Ferrari’s return to form could not have come at a worse time for the rookie championship leader. The growing expectations of his prodigious talent, his appetite for success and the hopes of a nation could be a recipe for a sublime debut home win – or a bitter defeat.
Will Hamilton win his maiden home race? Or are Ferrari unstoppable? Read our British Grand Prix preview and predict the podium below.
Despite numerous revisions and tweaks over the years the Silverstone configuration still clings to its heritage as a high-speed venue. Copse, Becketts, Stowe and Bridge are some of the best quick corners in F1 and among the finest places to see F1 cars in action on the calendar.

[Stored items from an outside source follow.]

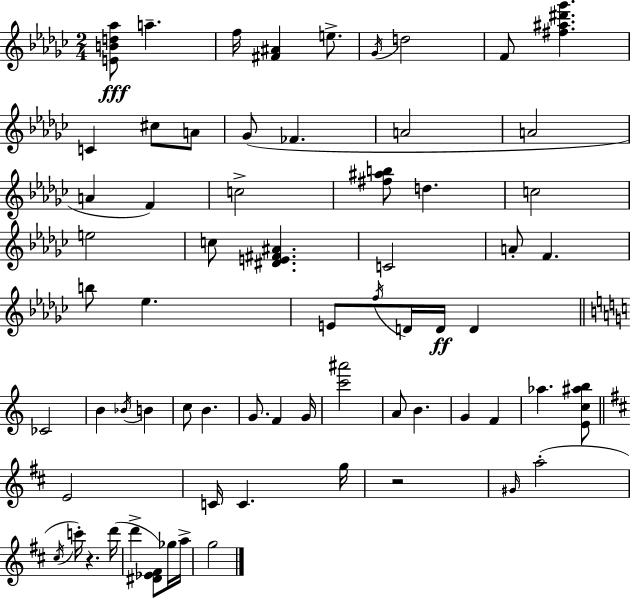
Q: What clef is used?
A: treble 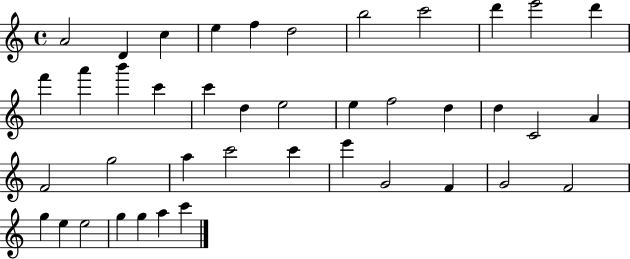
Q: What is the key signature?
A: C major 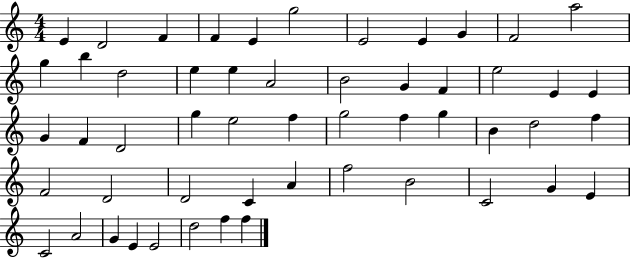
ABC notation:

X:1
T:Untitled
M:4/4
L:1/4
K:C
E D2 F F E g2 E2 E G F2 a2 g b d2 e e A2 B2 G F e2 E E G F D2 g e2 f g2 f g B d2 f F2 D2 D2 C A f2 B2 C2 G E C2 A2 G E E2 d2 f f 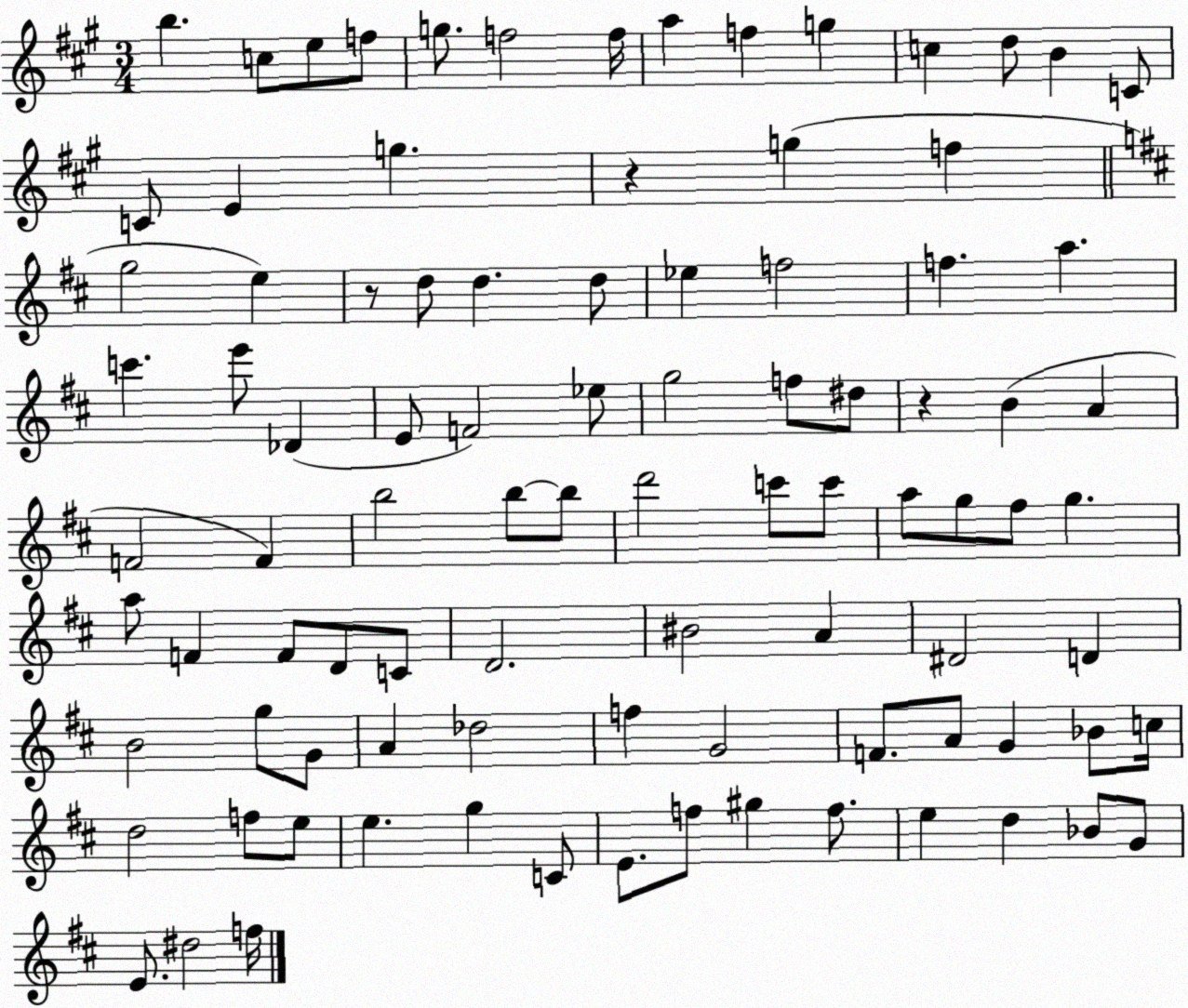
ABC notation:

X:1
T:Untitled
M:3/4
L:1/4
K:A
b c/2 e/2 f/2 g/2 f2 f/4 a f g c d/2 B C/2 C/2 E g z g f g2 e z/2 d/2 d d/2 _e f2 f a c' e'/2 _D E/2 F2 _e/2 g2 f/2 ^d/2 z B A F2 F b2 b/2 b/2 d'2 c'/2 c'/2 a/2 g/2 ^f/2 g a/2 F F/2 D/2 C/2 D2 ^B2 A ^D2 D B2 g/2 G/2 A _d2 f G2 F/2 A/2 G _B/2 c/4 d2 f/2 e/2 e g C/2 E/2 f/2 ^g f/2 e d _B/2 G/2 E/2 ^d2 f/4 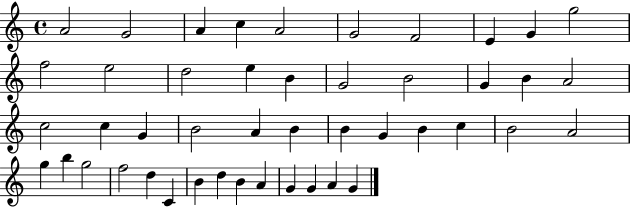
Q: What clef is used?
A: treble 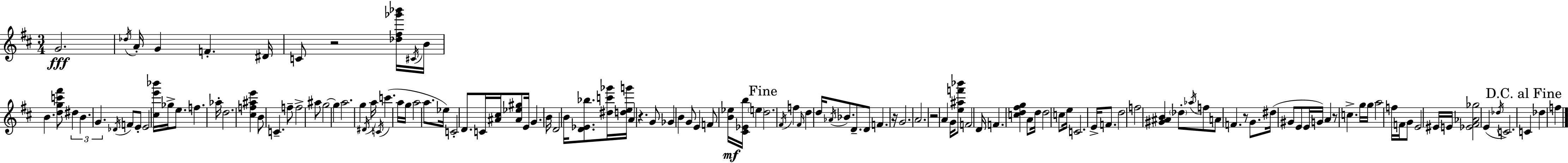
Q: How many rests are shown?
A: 6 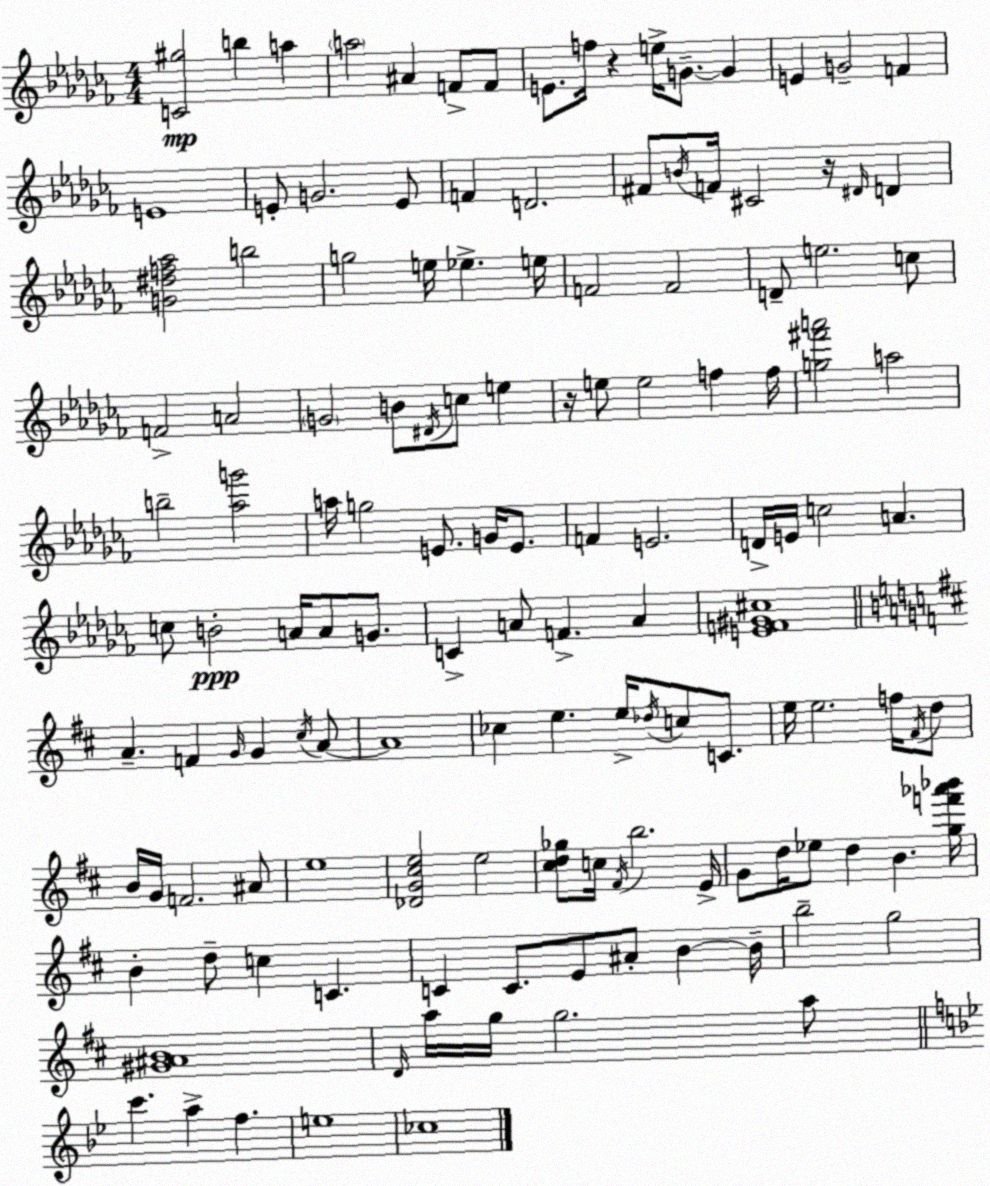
X:1
T:Untitled
M:4/4
L:1/4
K:Abm
[C^g]2 b a a2 ^A F/2 F/2 E/2 f/4 z e/4 G/2 G E G2 F E4 E/2 G2 E/2 F D2 ^F/2 B/4 F/4 ^C2 z/4 ^D/4 D [G^df_a]2 b2 g2 e/4 _e e/4 F2 F2 D/2 e2 c/2 F2 A2 G2 B/2 ^D/4 c/2 e z/4 e/2 e2 f f/4 [g^f'a']2 a2 b2 [_ag']2 a/4 g2 E/2 G/4 E/2 F E2 D/4 E/4 c2 A c/2 B2 A/4 A/2 G/2 C A/2 F A [EF^G^c]4 A F G/4 G ^c/4 A/2 A4 _c e e/4 _d/4 c/2 C/2 e/4 e2 f/4 ^F/4 d/2 B/4 G/4 F2 ^A/2 e4 [_DG^ce]2 e2 [^cd_g]/2 c/4 ^F/4 b2 E/4 G/2 d/4 _e/2 d B [gf'_a'_b']/4 B d/2 c C C C/2 E/2 ^A/2 B B/4 b2 g2 [^G^AB]4 D/4 a/4 g/4 g2 a/2 c' a f e4 _c4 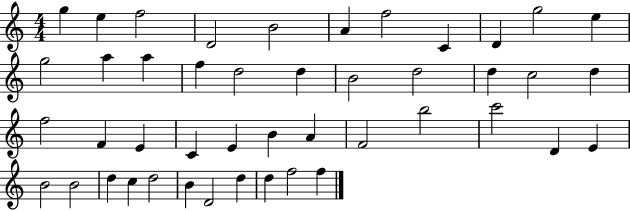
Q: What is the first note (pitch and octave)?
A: G5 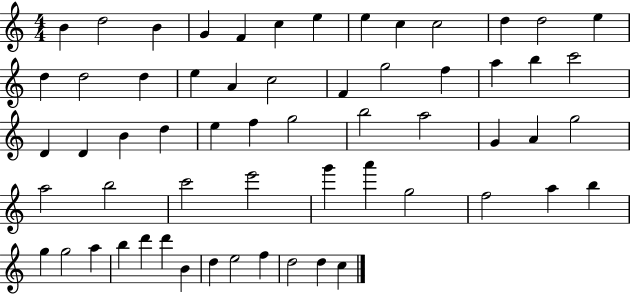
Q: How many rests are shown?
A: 0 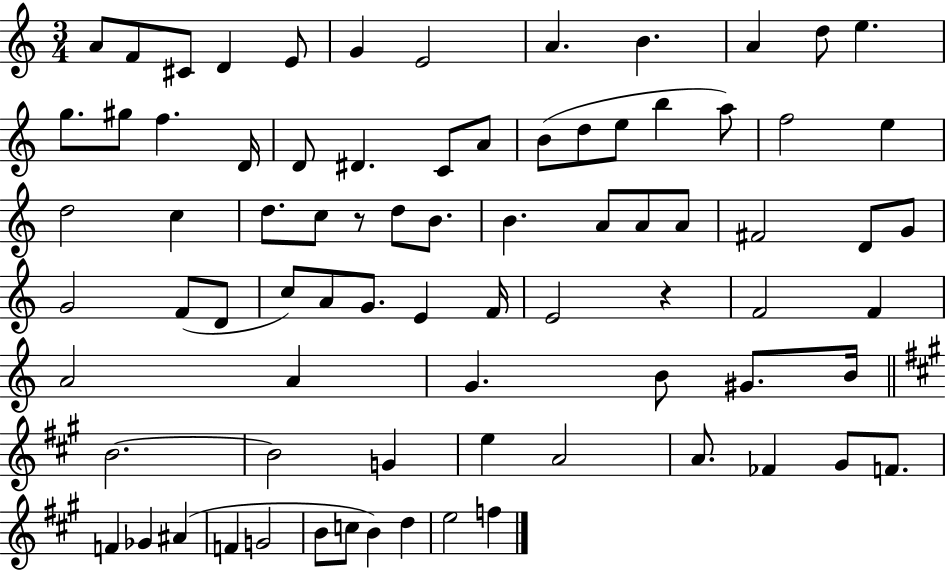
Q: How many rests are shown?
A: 2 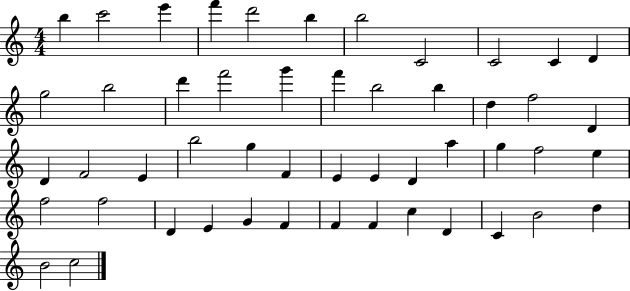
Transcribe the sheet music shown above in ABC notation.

X:1
T:Untitled
M:4/4
L:1/4
K:C
b c'2 e' f' d'2 b b2 C2 C2 C D g2 b2 d' f'2 g' f' b2 b d f2 D D F2 E b2 g F E E D a g f2 e f2 f2 D E G F F F c D C B2 d B2 c2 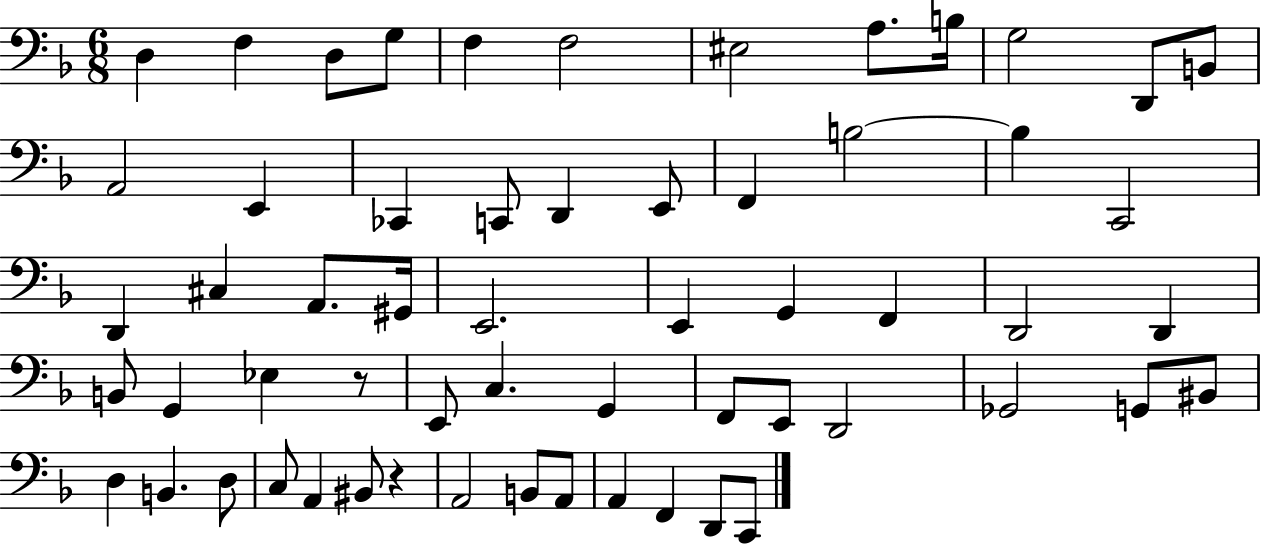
{
  \clef bass
  \numericTimeSignature
  \time 6/8
  \key f \major
  \repeat volta 2 { d4 f4 d8 g8 | f4 f2 | eis2 a8. b16 | g2 d,8 b,8 | \break a,2 e,4 | ces,4 c,8 d,4 e,8 | f,4 b2~~ | b4 c,2 | \break d,4 cis4 a,8. gis,16 | e,2. | e,4 g,4 f,4 | d,2 d,4 | \break b,8 g,4 ees4 r8 | e,8 c4. g,4 | f,8 e,8 d,2 | ges,2 g,8 bis,8 | \break d4 b,4. d8 | c8 a,4 bis,8 r4 | a,2 b,8 a,8 | a,4 f,4 d,8 c,8 | \break } \bar "|."
} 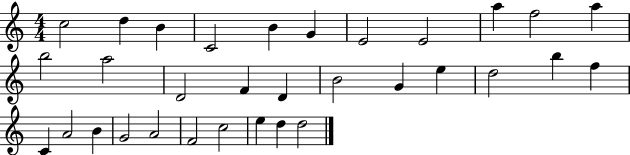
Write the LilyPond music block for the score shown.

{
  \clef treble
  \numericTimeSignature
  \time 4/4
  \key c \major
  c''2 d''4 b'4 | c'2 b'4 g'4 | e'2 e'2 | a''4 f''2 a''4 | \break b''2 a''2 | d'2 f'4 d'4 | b'2 g'4 e''4 | d''2 b''4 f''4 | \break c'4 a'2 b'4 | g'2 a'2 | f'2 c''2 | e''4 d''4 d''2 | \break \bar "|."
}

The unfortunate side effect of that is that there are few places where modern cars can get close enough to pass. Last year’s race provided ample proof of that: Michael Schumacher was unable to pass Kimi Raikkonen until the pit stops; Juan Pablo Montoya was the only leading driver to make a pass – and that came after a safety car restart when he mugged a dozing Rubens Barrichello.
As with Sunday’s French Grand Prix, wet weather is expected, and if it comes it could turn the entire race on its head.
But there was no disguising the fact that Ferrari had struck a vital blow against McLaren, and behind Hamilton’s bolkd claims that he will lead a fight back at Silverstone, the Woking team may in fact be looking at damage limitation.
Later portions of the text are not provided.